Student debt a growing burden

The New York Times wrote about a new report outlining today's burden of student debt, the number one form of consumer debt. According to the report, 27% of borrowers are late by 30 days or more on their payments, average student debt is at about $25,000, and total student debt amounts to around $870 billion. It's expected to hit $1 trillion in the next several months. Check out this chart from Think Progress, which shows how tuition has nearly sextupled since 1985:

College tuition & fees have gone up by over 500% since 1985.

And read the NY Times article here:

"A report released Monday by the Federal Reserve Bank of New Yorkrenews concerns about the growing debt load of college students and graduates.

The report suggests that as many as 27 percent of the 37 million borrowers have past-due balances of 30 days or more.

“In sum, student loan debt is not just a concern for the young,” the report said. “Parents and the federal government shoulder a substantial part of the postsecondary education bill.”

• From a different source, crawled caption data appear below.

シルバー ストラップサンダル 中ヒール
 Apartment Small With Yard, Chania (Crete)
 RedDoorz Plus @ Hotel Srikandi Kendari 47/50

The report, which was created by an analysis of Equifax credit reports, said the total balance of student loans was $870 billion. Of the 241 million with Equifax credit reports (there are 311 million people in the United States), 15 percent had student debt.

Forty percent of the people under 30 had outstanding student loans, and the average outstanding debt is $23,300. About 10 percent of borrowers owe more than $54,000 and 3 percent owe more than $100,000.

Noting that existing figures on student loans are spotty and largely anecdotal, the Fed said its analysis was an attempt to provide more accurate accounting of delinquency data.

The Federal Reserve came up with the delinquency figure by excluding from their calculation borrowers who were still students or those who were granted permission to postpone payments because of financial hardship, graduate school or some other approved reason. Those borrowers represent about 47 percent of all borrowers. Fed economists suggest that they should not be considered when measuring the delinquency rate because they aren’t making payments.

If they were included in the total, the percentage of borrowers who were 30 days late in making payments is 14 percent.

Lauren Asher, president of the Institute for College Access and Success, said the Fed study reinforced the need for borrowers to understand the distinction between federal loans and private loans and to know the available repayment options.

She noted that borrowers of federal loans were eligible for income-based repayment in which caps are placed on monthly payments to make them more affordable. In addition, she noted that borrowers of private student loans, which tend to have higher interest rates and fewer protections than federal loans, could now call the Consumer Financial Protection Bureau to register complaints.

The Fed’s numbers are similar to those published in a report a year ago by the Institute for Higher Education Policy. That study, based on a sampling of borrowers, found that 26 percent of borrowers who entered repayment in 2005 became delinquent but did not default. Fifteen percent of borrowers not only became delinquent but defaulted on their loans."